In biblical interpretation, context matters – a lot. The context of the passage dictates how it is to be interpreted. In missing this crucial point many Texts have been snatched out of their original context and given meanings they were never intended to have. Each Scripture or passage only has one meaning, not many. It cannot mean one thing to me and another thing to you. Either you, or I, or both are wrong. There can be many different applications of a passage, but only one meaning.
Contexts to keep in mind when looking at a specific passage:
- Context of the whole Bible. What is the big picture and over all story? How does this passage fit with the whole story? The Bible is not an instruction manual that we consult when things aren’t going our way. It is not God’s love letter to us. It is God’s self revelation to us of His will, His character, His glory, His sovereignty, His story, and how He displays His glory through choosing a people for Himself to love and save.
- Context of the letter or book you’re reading. What is the cultural setting of the addressed people? What was the intent of the human author in writing it? To whom was it written? What was going on there?

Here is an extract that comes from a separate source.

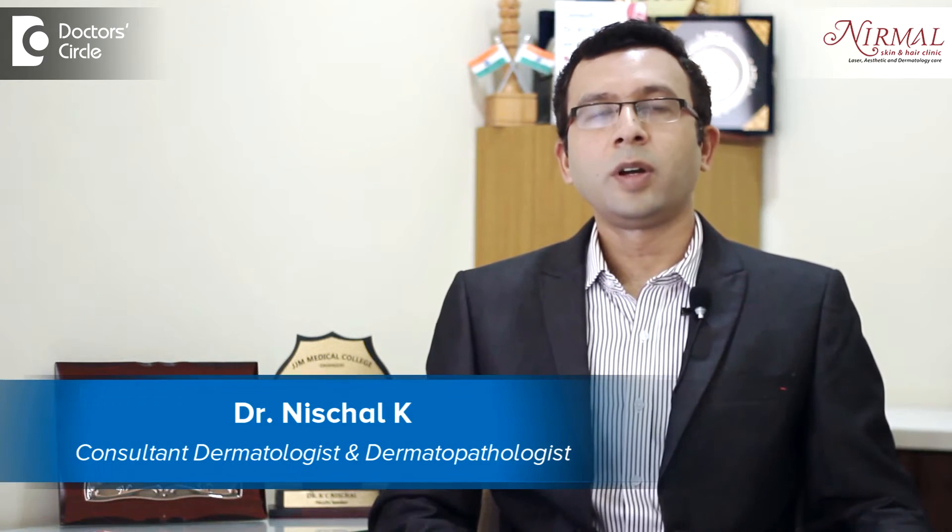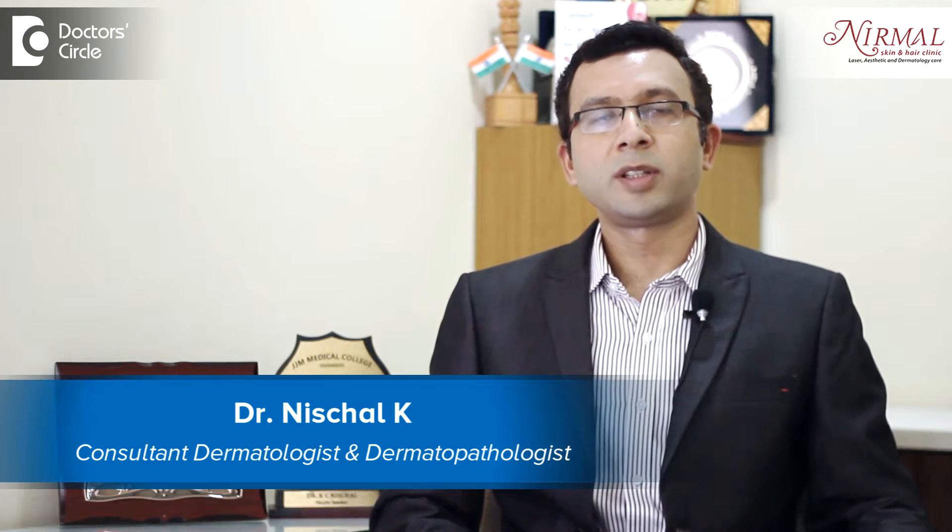Hello, I am Dr. Nischal, practicing as a Consultant Dermatologist and a Cosmetic Dermatologist at Nirmal Skin and Hair Clinic, Vijayanagar, Bangalore.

- Context of the passage itself. What topic or idea is being explained or debated? What people group is being addressed (Christians, unbelievers, Pharisees, etc.)? It’s helpful to keep the passages directly before and after the section in question in mind while interpreting.

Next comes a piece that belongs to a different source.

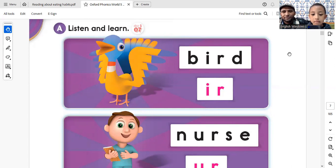R. Listen and learn. This is a bird. What's the middle sound in the word bird? R. That's right. R. Bird.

Two texts I hear/have heard misinterpret most often are the story of David and Goliath & Phil. 4:13. In both cases the story or context has nothing to do with us in any way being the heros or focus of the story. But, in our narcissistic culture, they get snatched kicking and screaming out of their contexts and taught in a way that makes us look good or helps us look within ourselves to do something really awesome. We love to think that God is on OUR sideline, cheering US on in OUR pursuits, you know, He’s there just in case we need Him.
In the story of David and Goliath, we become David, facing down our giants. With God’s help and a few smooth stones, we can defeat our bullies, overcome our hardships, conquer our fears, or defeat the opposing football team that beat us earlier in the season so we can go to the state playoffs. You get the point. In actuality this story (that really happened) is a picture of how Christ defeats our enemies (sin, Satan, death) for us as we look on like scared, paralyzed Israelites. If you consider all WE gain from HIS victory… this is a much better story.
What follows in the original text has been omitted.